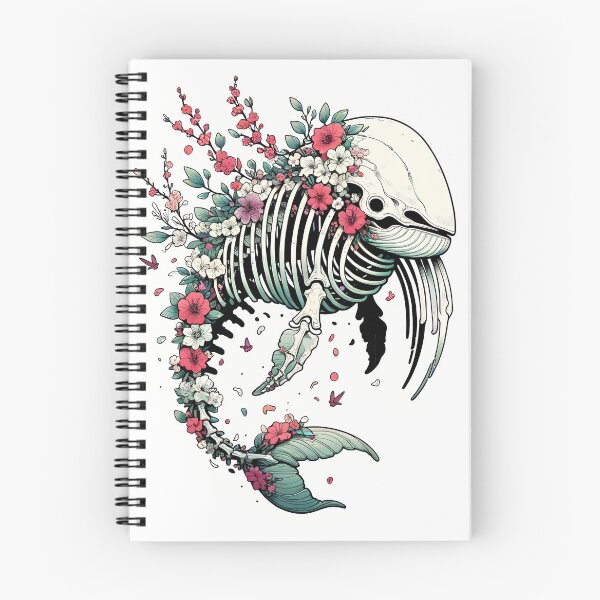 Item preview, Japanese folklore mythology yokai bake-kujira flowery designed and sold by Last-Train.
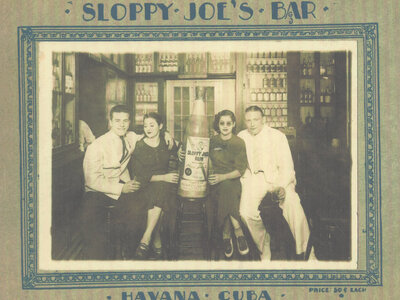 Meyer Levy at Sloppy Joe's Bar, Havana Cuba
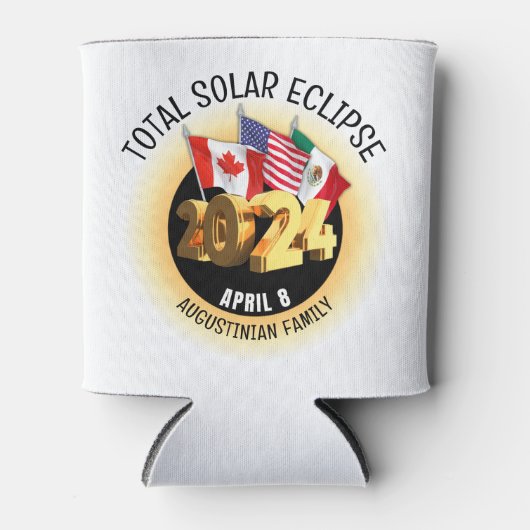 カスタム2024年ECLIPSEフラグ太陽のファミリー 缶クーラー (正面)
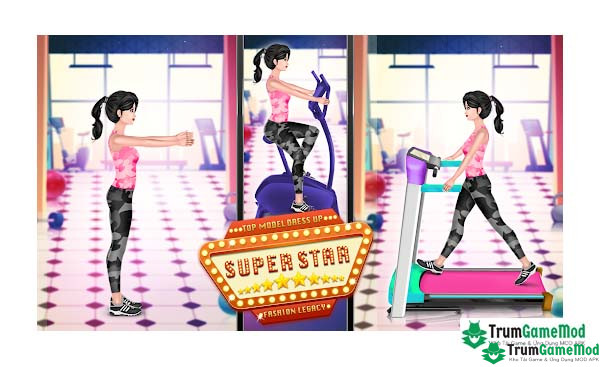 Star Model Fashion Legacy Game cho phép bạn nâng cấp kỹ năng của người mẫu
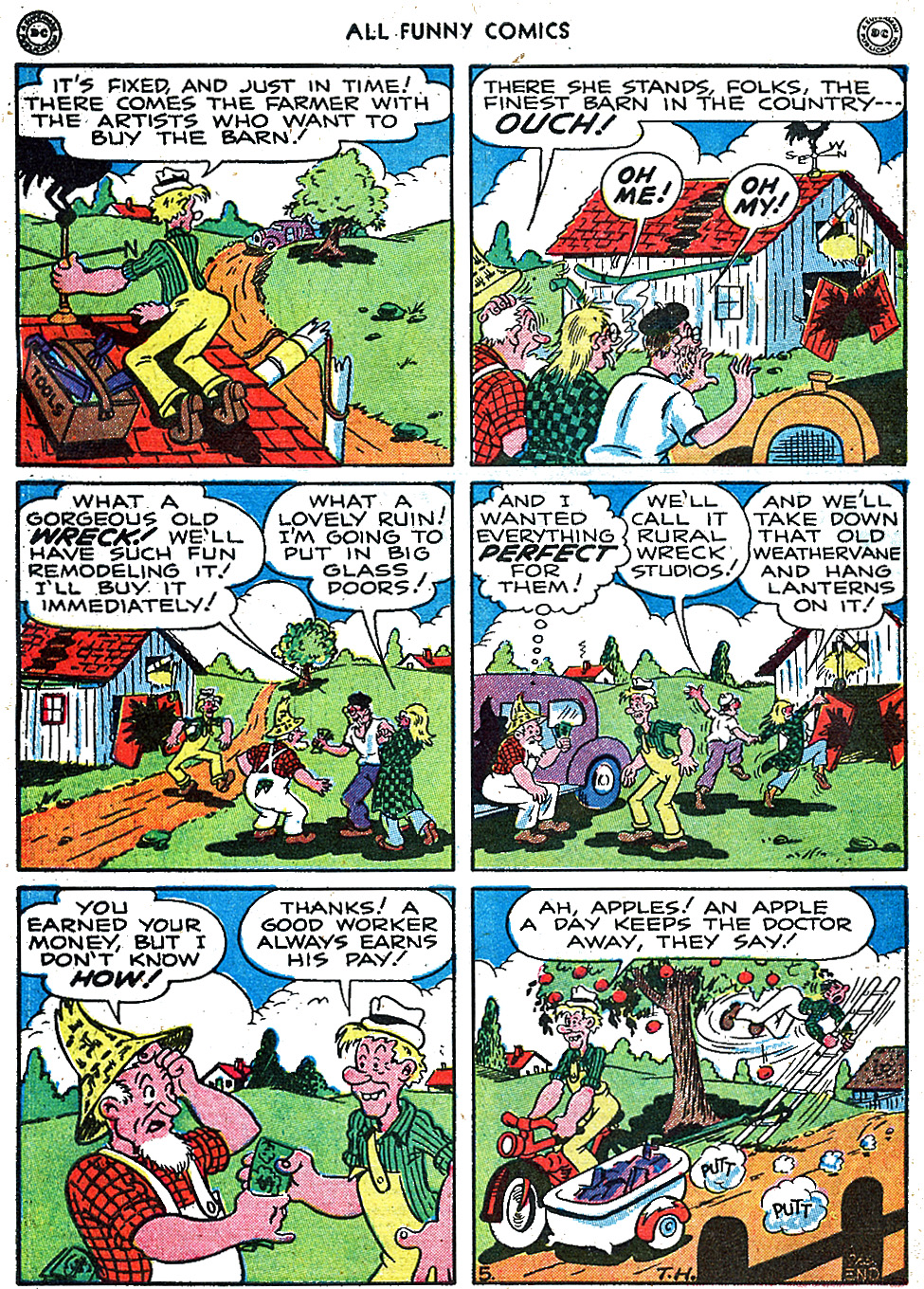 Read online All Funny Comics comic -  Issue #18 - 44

----

TASK TO COMPLETE:
Copy the lines from the line that contains "Star Model Fashion" through the end of the records, exactly and with nothing added; leave the pictures out.

RESPONSE TO THIS EXERCISE:
 Star Model Fashion Legacy Game cho phép bạn nâng cấp kỹ năng của người mẫu
 Read online All Funny Comics comic -  Issue #18 - 44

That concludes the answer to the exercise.